WHAT THE TASK ASKS:
Exclude images, then output the remaining data verbatim.

PROVIDED MATERIAL:
* * *

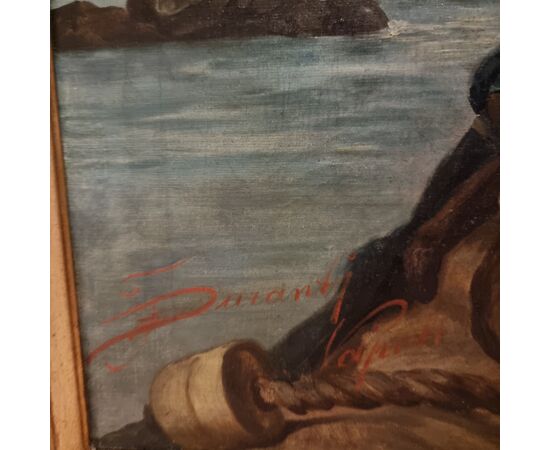 Pescatore napoletano pittura dell’800 firmato Duranti alta qualità  
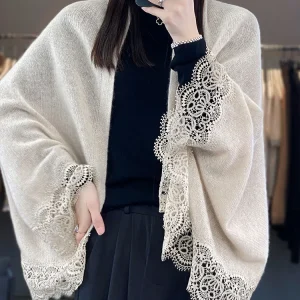 Nuove donne 100% lana merino cardigan sottile morbido cashmere maglieria pizzo mantello grazia morbido scialle sciarpa primavera autunno top abbigliamento 1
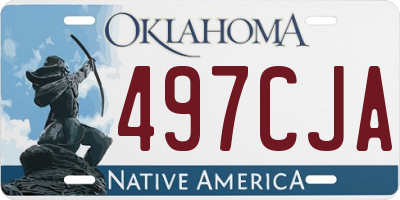 OK license plate 497CJA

* * *

EXERCISE ANSWER:
 Pescatore napoletano pittura dell’800 firmato Duranti alta qualità  
 Nuove donne 100% lana merino cardigan sottile morbido cashmere maglieria pizzo mantello grazia morbido scialle sciarpa primavera autunno top abbigliamento 1
 OK license plate 497CJA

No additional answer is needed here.